* [INSTRUCTIONS TO FOLLOW]: Repeat the data word for word. Do not include the pictures.

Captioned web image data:
------------------------------------------------

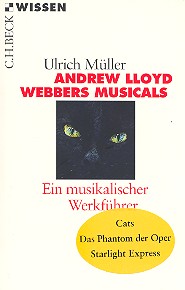 Andrew Lloyd Webbers Musicals  Ein musikalischer Werkführer  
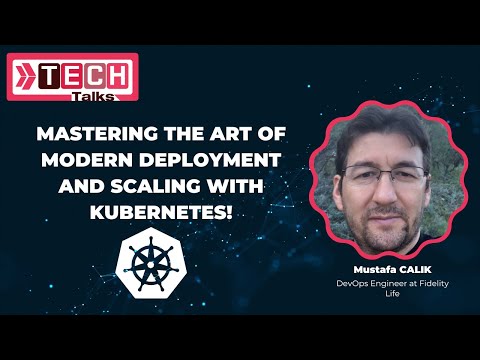 Tech Talks | Mastering the Art of Modern Deployment and Scaling with Kubernetes!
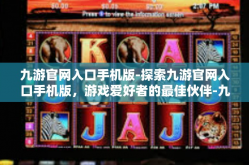 九游官网入口手机版-探索九游官网入口手机版，游戏爱好者的最佳伙伴-九游官网入口手机版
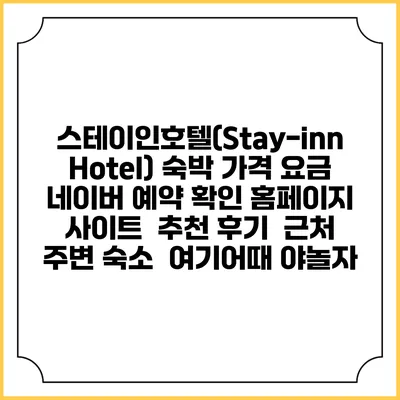 스테이인호텔(Stay-inn Hotel) 숙박 가격 요금 | 네이버 예약 확인 홈페이지 사이트 | 추천 후기 | 근처 주변 숙소 | 여기어때 야놀자
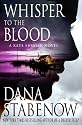 Whisper to the Blood: A Kate Shugak Novel (Kate Shugak Novels)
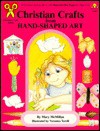 Christian Crafts from Hand-Shaped Art (Christian Craft Series)#S1886 - Mary McMillan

------------------------------------------------

* [ANSWER SECTION]:
 Andrew Lloyd Webbers Musicals  Ein musikalischer Werkführer  
 Tech Talks | Mastering the Art of Modern Deployment and Scaling with Kubernetes!
 九游官网入口手机版-探索九游官网入口手机版，游戏爱好者的最佳伙伴-九游官网入口手机版
 스테이인호텔(Stay-inn Hotel) 숙박 가격 요금 | 네이버 예약 확인 홈페이지 사이트 | 추천 후기 | 근처 주변 숙소 | 여기어때 야놀자
 Whisper to the Blood: A Kate Shugak Novel (Kate Shugak Novels)
 Christian Crafts from Hand-Shaped Art (Christian Craft Series)#S1886 - Mary McMillan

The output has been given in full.